- Brief: Everything in the listing below should be repeated exactly, apart from the pictures.

- Collected material:
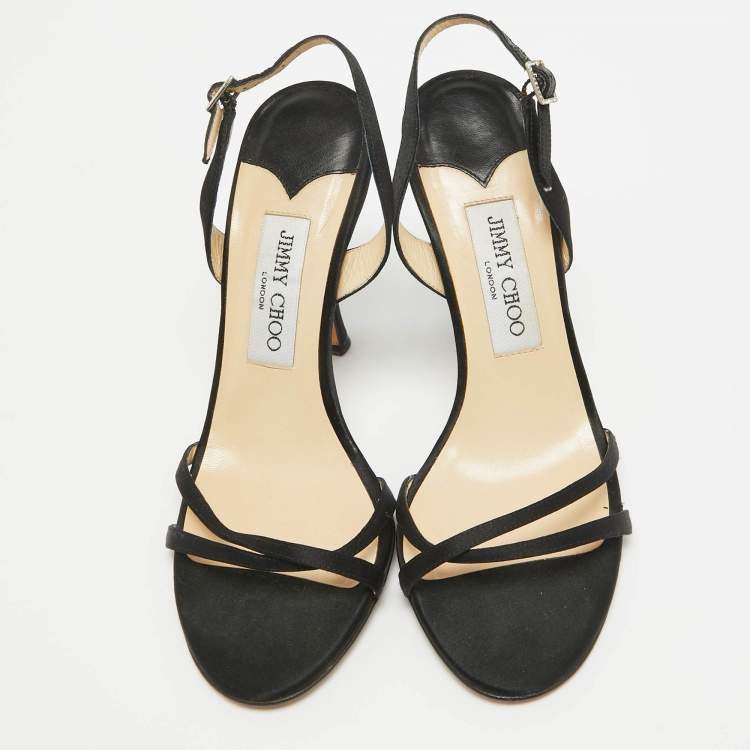 Pre Owned Jimmy Choo Black Satin Slingback Sandals Size 37
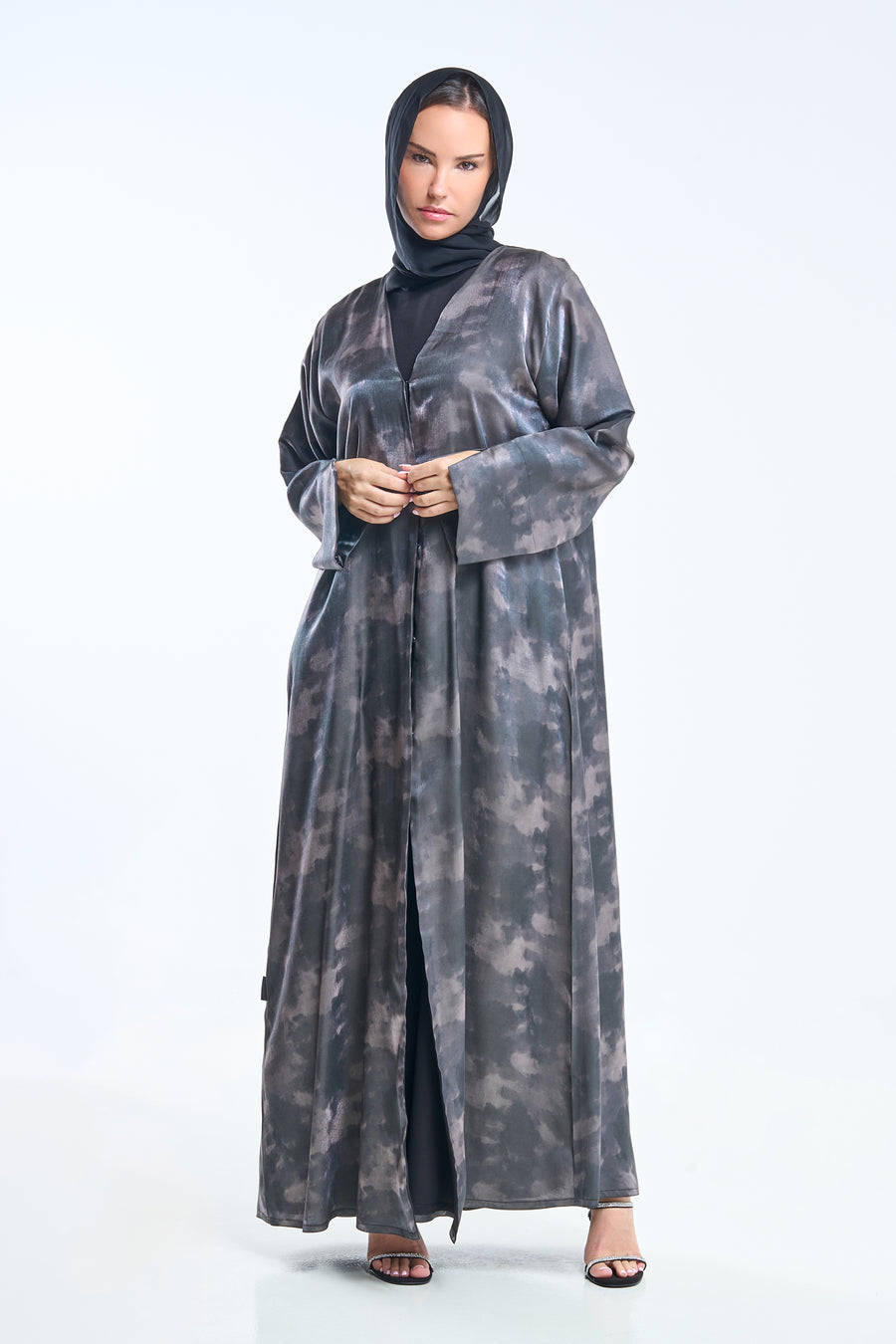 Smoky Cloud Grey Dye Abaya With Flowy Fit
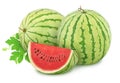 Composition with whole ripe watermelons and slice isolated on white background. As design elements. Royalty Free Stock Photo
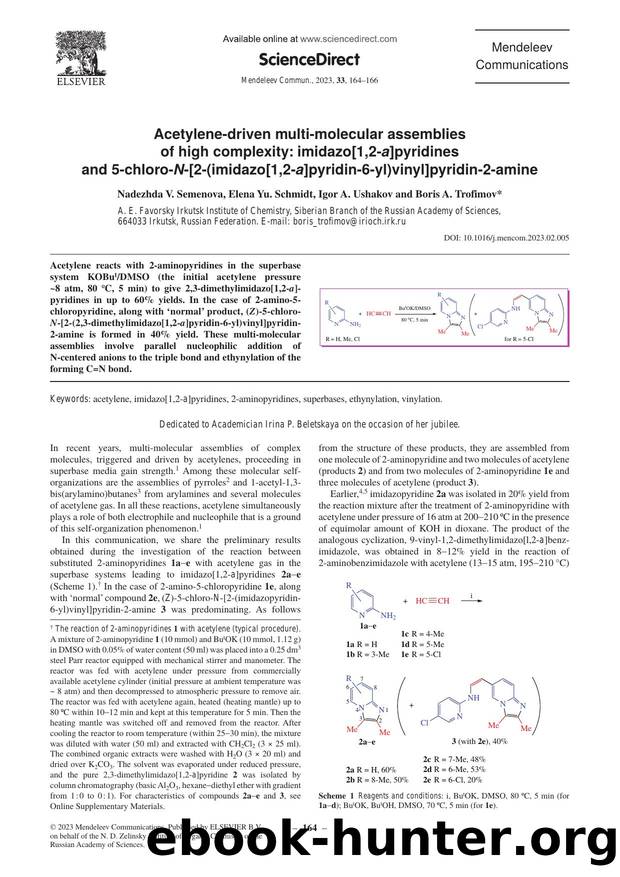 Acetylene-driven multi-molecular assemblies of high complexity: imidazo[1,2-a]pyridines and 5-chloro-N-[2-(imidazo[1,2-a]pyridin-6-yl)vinyl]pyridin-2-amine by Nadezhda V. Semenova & Elena Yu. Schmidt & Igor A. Ushakov & Boris A. Trofimov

- Result:
 Pre Owned Jimmy Choo Black Satin Slingback Sandals Size 37
 Smoky Cloud Grey Dye Abaya With Flowy Fit
 Composition with whole ripe watermelons and slice isolated on white background. As design elements. Royalty Free Stock Photo
 Acetylene-driven multi-molecular assemblies of high complexity: imidazo[1,2-a]pyridines and 5-chloro-N-[2-(imidazo[1,2-a]pyridin-6-yl)vinyl]pyridin-2-amine by Nadezhda V. Semenova & Elena Yu. Schmidt & Igor A. Ushakov & Boris A. Trofimov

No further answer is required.